BEGIN AVAILABLE DATA

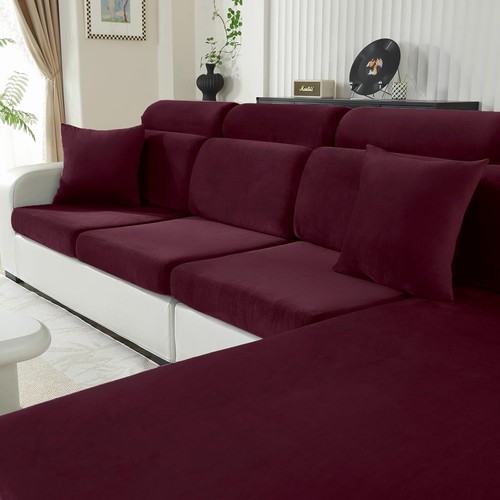 Samt sofa sitzkissenbezug - sofa, in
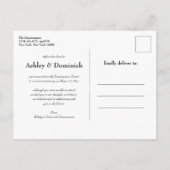 Het is officieel! Rustic Simple Wedding Announding Aankondigingskaart (Achterkant)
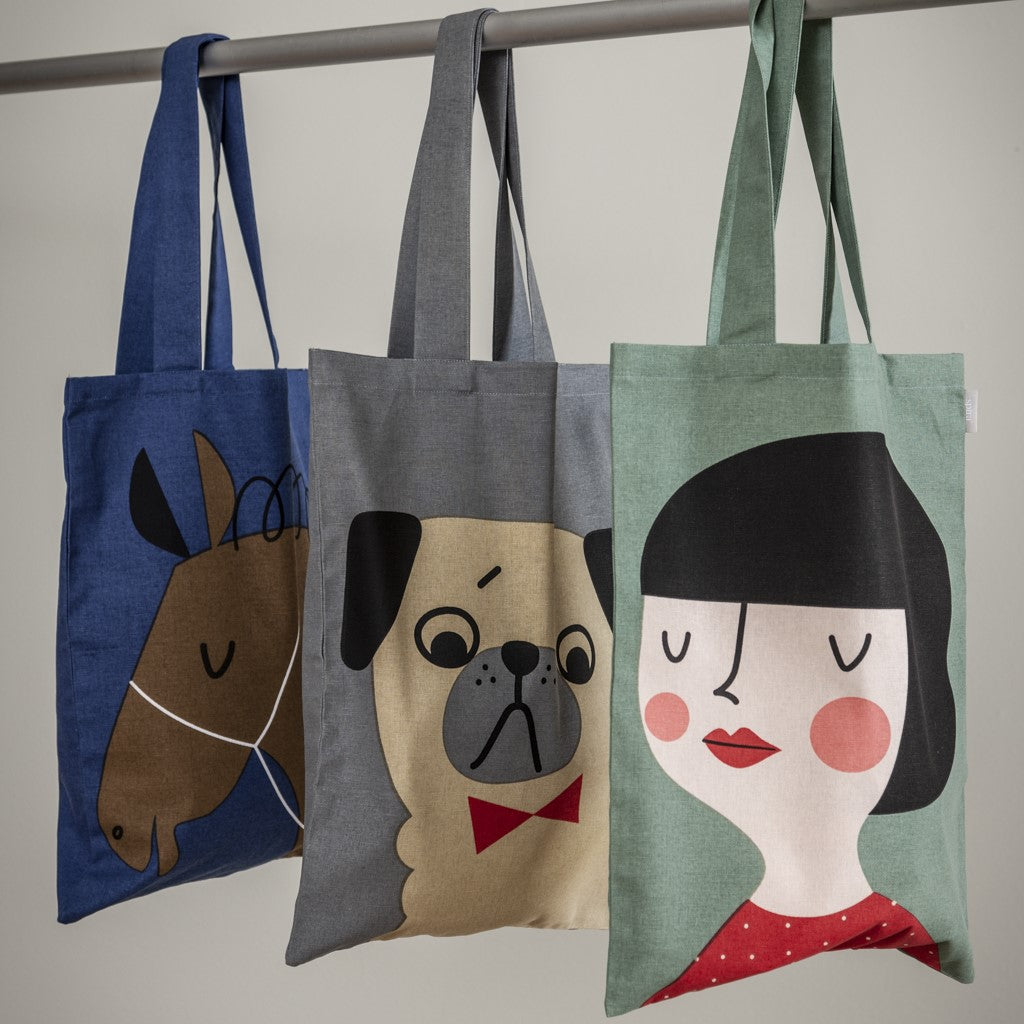 Spira of Sweden Totebag Penny Mops Hund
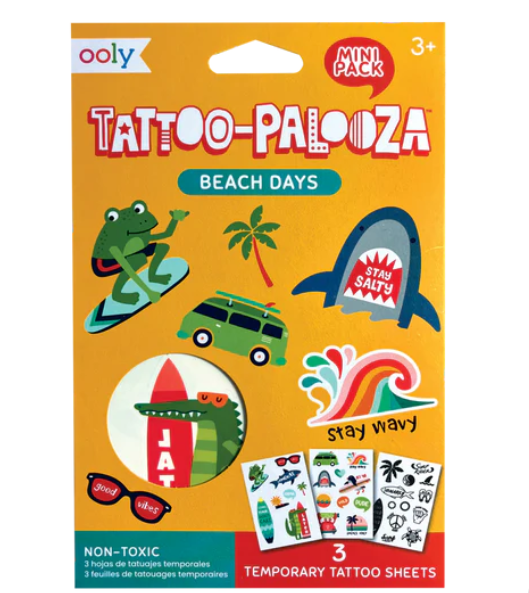 Mini Tattoo Palooza: Beach Days Temporary Tattoos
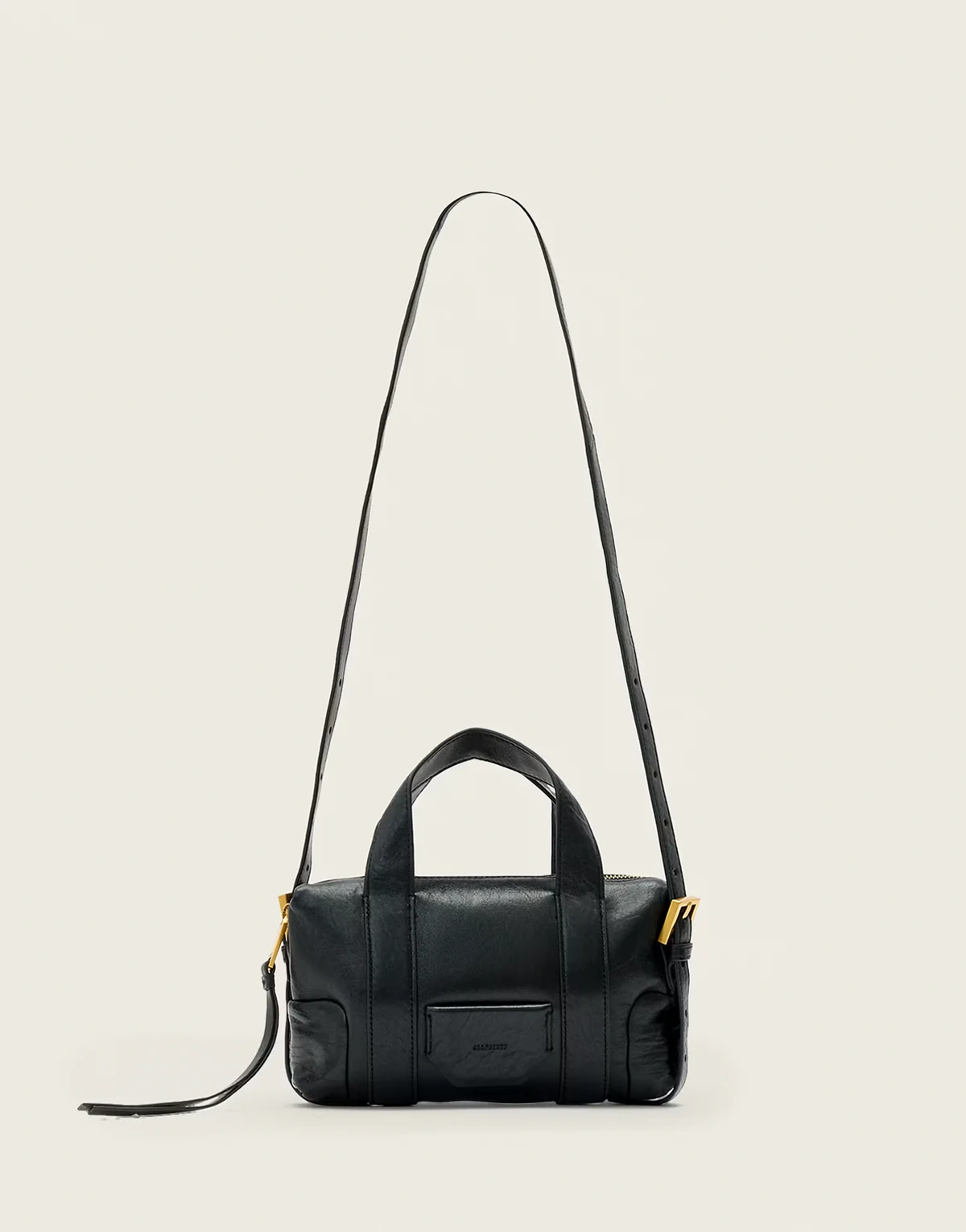 ares G compact crossbody bag in black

END AVAILABLE DATA

In transcribing the material above, reproduce each line exactly and include none of the pictures.

_SOLVED EXERCISE_.
 Samt sofa sitzkissenbezug - sofa, in
 Het is officieel! Rustic Simple Wedding Announding Aankondigingskaart (Achterkant)
 Spira of Sweden Totebag Penny Mops Hund
 Mini Tattoo Palooza: Beach Days Temporary Tattoos
 ares G compact crossbody bag in black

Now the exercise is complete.